I gave in, and bought a new laptop. I'm using it right now. But this laptop...well, although my nephew assured me it was a pretty good laptop, and all of the reviews were positive, so many people who had previously bought this brand did not like it at all. People told me stories of how quickly the battery dies, how hot the laptop gets, how it crashed within a short time after they purchased it. There were so many opinions about this laptop that, every time I turn it on or use it for more than an hour, I get a little anxious. I haven't truly enjoyed my new laptop. I keep wondering when it's going to "go" on me, or what will happen if I download iTunes, or if I'm not understanding how to use it, and will it break because I don't completely understand it yet.
The new laptop doesn't have any of my pictures, my music, or the books I've started to write. It doesn't know anything about me. Sometimes I have to go back to the old laptop to retrieve information. It requires effort to plug it in, turn it on, and wait for it to start up to get what I need from it. The new one and I are still getting to know each other, but the old one knows me, and I understand it. But I just can't get what I need from it anymore. Times have changed, technology has evolved, and I must change and evolve as well.
In life, as in technology, we must change; we must evolve. In order to progress as individuals in our personal or professional lives, we have to be open to new people, ideas, circumstances, feelings, and mindsets. Sometimes the job you've had for a long time has provided you with comfort, stability, and a good paycheck, but it's not helping you grow as a professional or providing intellectual challenges. Sometimes the people who have been in your life the longest are easy to keep around because you know them, but they are not willing to support you, or don't listen to you, or they don't want to change or grow, much less deal with you if you're trying to change or grow. Sometimes the thought patterns you've carried throughout your life are comfortable, but there's always an out of place thought that pops up, telling you that this isn't working, there must be something else, something more.
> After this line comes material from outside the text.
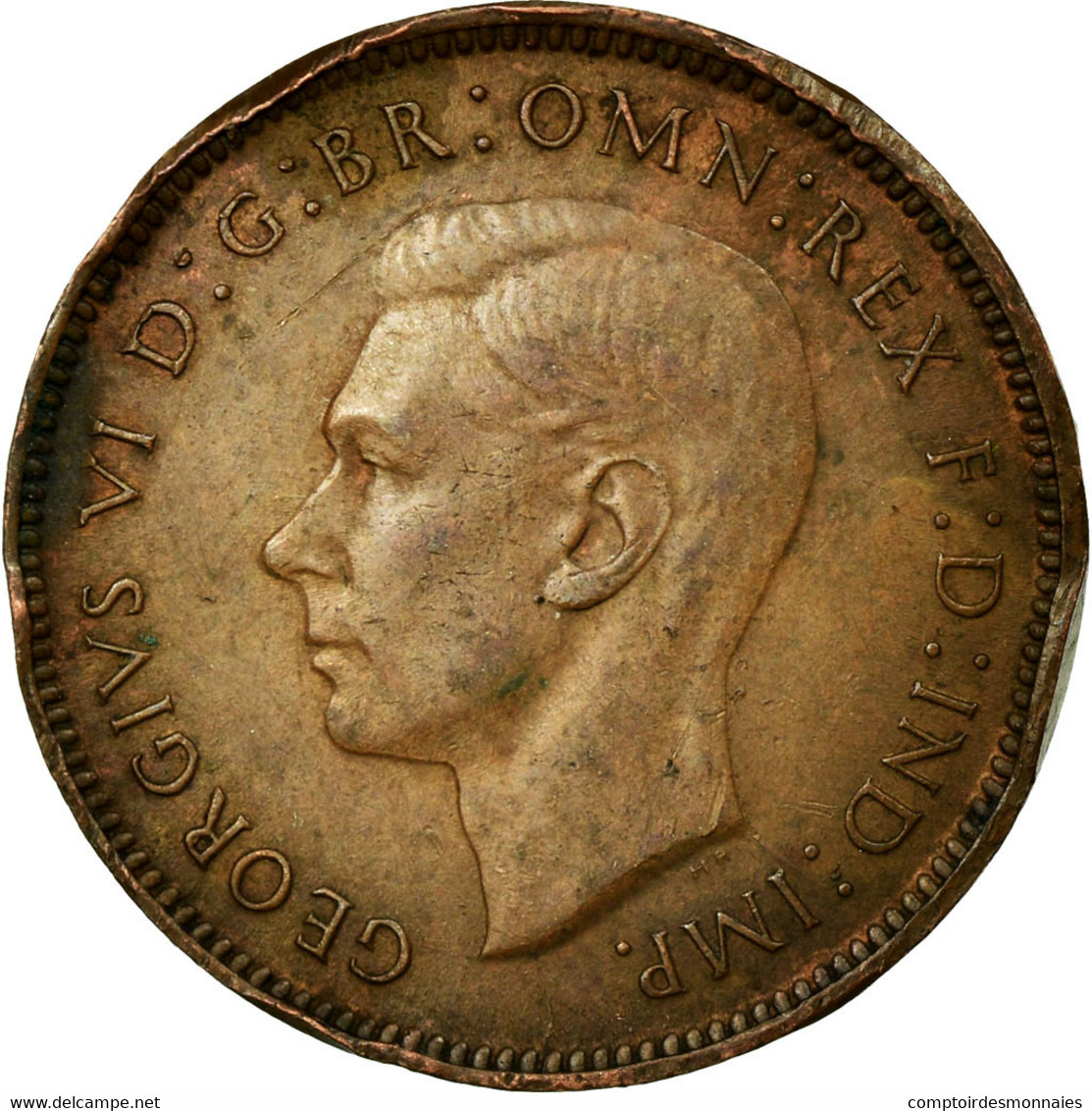 Monnaie, Grande-Bretagne, George VI, Farthing, 1943, TB+, Bronze, KM:843 - 2 Pence & 2 New Pence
It's easy to remain in our comfort zones. It's hard when people don't understand our desire to grow and to move in a different direction. It's frightening when we think we have to start all over again, that if we start a new relationship, we have to create all new memories, or if we start a new job and it doesn't work out, we've lost professional or financial stability. We hold ourselves back when we continue to live with the fear that what's ahead of us will not work out. But if we could understand that change is inevitable and will help us grow, we would embrace the new while appreciating the old that carried us through to our present point. Resistance is futile. Fighting change is like swimming against the tide, or trying to walk up the left side of a crowded New York City subway staircase. All it does is keep you in the same place, like a hamster in a wheel, running but going nowhere. Futile.
This new laptop is pretty cool. I will enjoy it for the time that I have it, and if and when I need a new one, I believe that God will make a way for me to get it, just as He made a way for me to get this one, just in time for me to start a new adventure - a doctoral program. That's pretty much how the universe works, isn't it?